3. Das Rekursgericht hat anders als das Erstgericht erkennbar nicht darauf abgestellt, dass iSd § 133 Abs 2 AußStrG der Wert des Vermögens 10.000 EUR „wesentlich“ übersteigt (vgl dazu etwa Nademleinsky aaO § 150 Rz 7 FN 37; Fucik , Die Vermögensverwaltung nach dem Sachwalterrechts-Änderungsgesetz 2006, FS Hopf 47 [54]). Im Raum steht nach den Antragsbehauptungen und der Gegenäußerung des Vaters vielmehr eine „unmittelbar drohende Gefahr“ iSd § 133 Abs 3 AußStrG. Von einer solchen ist im Sinne der soeben erörterten und weiterhin aktuellen Rechtsprechung auch nach der alten Rechtslage war für die Anordnung der Sperre eines Sparkontos eine konkrete Gefährdung des Kindeswohls erforderlich (vgl 3 Ob 2204/96f; 6 Ob 12/04i; RIS Justiz RS0008461) auszugehen.
Auch unter diesem Aspekt steht die Entscheidung des Rekursgerichts daher im Einklang mit der höchstgerichtlichen Judikatur.

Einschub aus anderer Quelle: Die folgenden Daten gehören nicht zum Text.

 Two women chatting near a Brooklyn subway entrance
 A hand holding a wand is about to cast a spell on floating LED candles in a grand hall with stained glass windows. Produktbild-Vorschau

4. Welche Maßnahmen zu treffen sind, richtet sich typischerweise nach den Umständen des Einzelfalls (2 Ob 614/83; 7 Ob 183/10b). Angesichts der als geboten erachteten Verfahrensergänzung ist es naheliegend, dass das Rekursgericht zur Sicherung des möglicherweise in das Vermögen der Minderjährigen fallenden Sparguthabens eine einstweilige Vorkehrung iSd § 133 Abs 4 AußStrG, also eine Provisorialmaßnahme traf. Der Oberste Gerichtshof hat dazu bereits festgehalten, dass dieser mit dem neuen AußStrG, BGBl 2003/111, eingeführte Begriff bewusst weiter gefasst wurde als die Vorgängerbestimmung (§ 193 AußStrG idF KindRÄG 2001) und sowohl die Möglichkeiten des § 382 EO als auch andere geeignete Maßnahmen umfasst (7 Ob 38/08a; vgl auch Zankl/Mondel in Rechberger , AußStrG § 133 Rz 5). Da sich die Sperre von Guthaben unter den vom Gesetz ausdrücklich vorgesehenen Sicherungsmitteln findet, konnte sie auch als Provisorialmaßnahme im Rahmen einer einstweiligen Vorkehrung angeordnet werden. Auch insoweit wirft die angefochtene Entscheidung keine erhebliche Rechtsfrage iSd § 62 Abs 1 AußStrG auf. Dass mit der Wahl des Sicherungsmittels der dem Rekursgericht zur Verfügung stehende Ermessensspielraum überschritten worden wäre, ist nicht erkennbar und wird im Rechtsmittel auch nicht behauptet.
5. Da es der Beantwortung erheblicher Rechtsfragen iSd § 62 Abs 1 AußStrG nicht bedarf, erweist sich der Revisionsrekurs als unzulässig. Er ist daher zurückzuweisen.
Die Kostenentscheidung gründet sich auf § 139 Abs 2 AußStrG. In Verfahren über die Vermögensrechte Pflegebefohlener findet kein Kostenersatz statt.